Covered Bridge chips are a distinctly darker kettle chip. That’s because Ryan Albright uses his family’s dark russet potatoes grown on their family farm. Covered Bridge Potato Chips is the only chip manufacturer in North America to use dark russets, so he truly is in a league of his own. That chip uniqueness is enjoyed across Canada, parts of the U.S. and even in non-North American markets.
“When they open the bag, they’re meant to see that dark colour and distinct flavour – that’s really our claim,” Albright says. “We’re trying to create value for the store and then something different for the consumer, so it drives more dollars.”
Small means agile
Even though the company has been in business well over a decade, they’re still small potatoes compared to other dynastic companies. And that doesn’t bother Albright. While big players stick to traditional-looking chips, Albright’s decision to zig instead of zag has helped him carve out a niche.
In fact, he uses words such as agile, nimble and innovative to describe his 110-person company. Those adjectives give them an advantage over multinational snack food companies.
“When you look at large companies — whether billion-dollar companies or not — there’s a lot of process, and decisions have to go up the chain to make a new product,” he says. “For us, because we are smaller, we can make those decisions in a day if we want – an hour.”

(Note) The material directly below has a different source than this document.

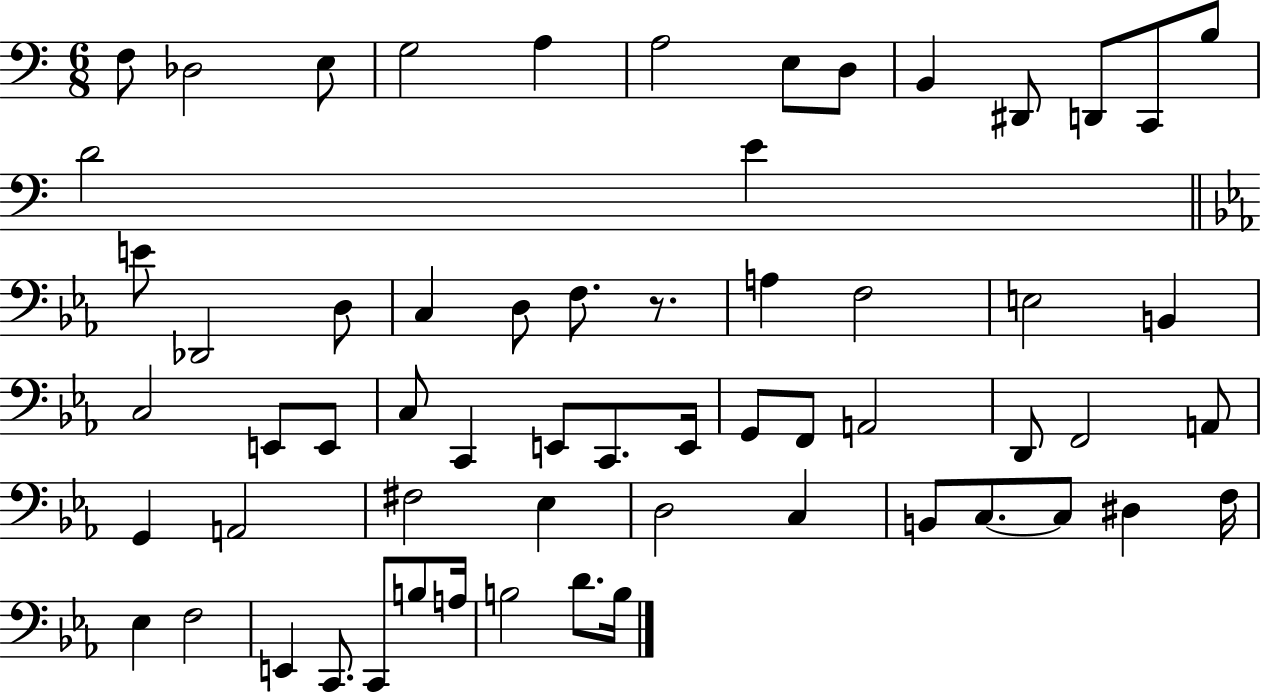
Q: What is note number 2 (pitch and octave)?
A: Db3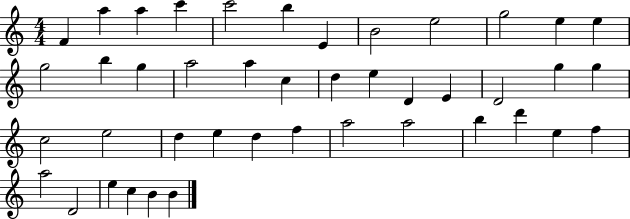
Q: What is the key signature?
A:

Create strategic partnerships
One way they make those lightning-fast decisions is through opportunities that unexpectedly pop up. Albright’s company has participated in multiple co-branding initiatives, including one with East Coast Lifestyle, another Atlantic Canadian company. The ECL logo appears on the chip bag along with Covered Bridge Potato Chips, and both companies can get in front of one another’s customers in a new way.
“You both play on each other’s customers, and you’re marketing it through them,” Albright says. “You’re getting a bigger, wider range of audiences. When you have two smaller companies that can co-brand together, it’s very easy, very nimble, much less paperwork and much more flexible.”
Both companies leveraged their social media channels from traditional Facebook and Instagram to newer avenues such as TikTok.
As COVID-19 found many shoppers at home, Covered Bridge Potato Chips saw their online sales go through the roof. Albright explains the fact that they already marketed that way helped them seamlessly transition into increased online sales as the trend of purchasing from home exploded. Their typical order volume increased 20-fold.
Create an experience
A huge draw has been the company’s experiential aspect. Because it’s a family-owned company, they make all the rules, and, in normal circumstances, they receive and welcome 40,000 to 50,000 guests a year in their factory. Patrons go through a guided tour, watching as chips are made and at the end, they get a fresh warm bag of potato chips.
There are tremendous opportunities for small- and medium-sized food manufacturers and processors in Canada. Understand that your company’s smaller size is a large advantage as you can swiftly react to changing markets and opportunities that present themselves. Companies that embrace new-school marketing avenues like emerging social media platforms also stand to gain, and at virtually no cost.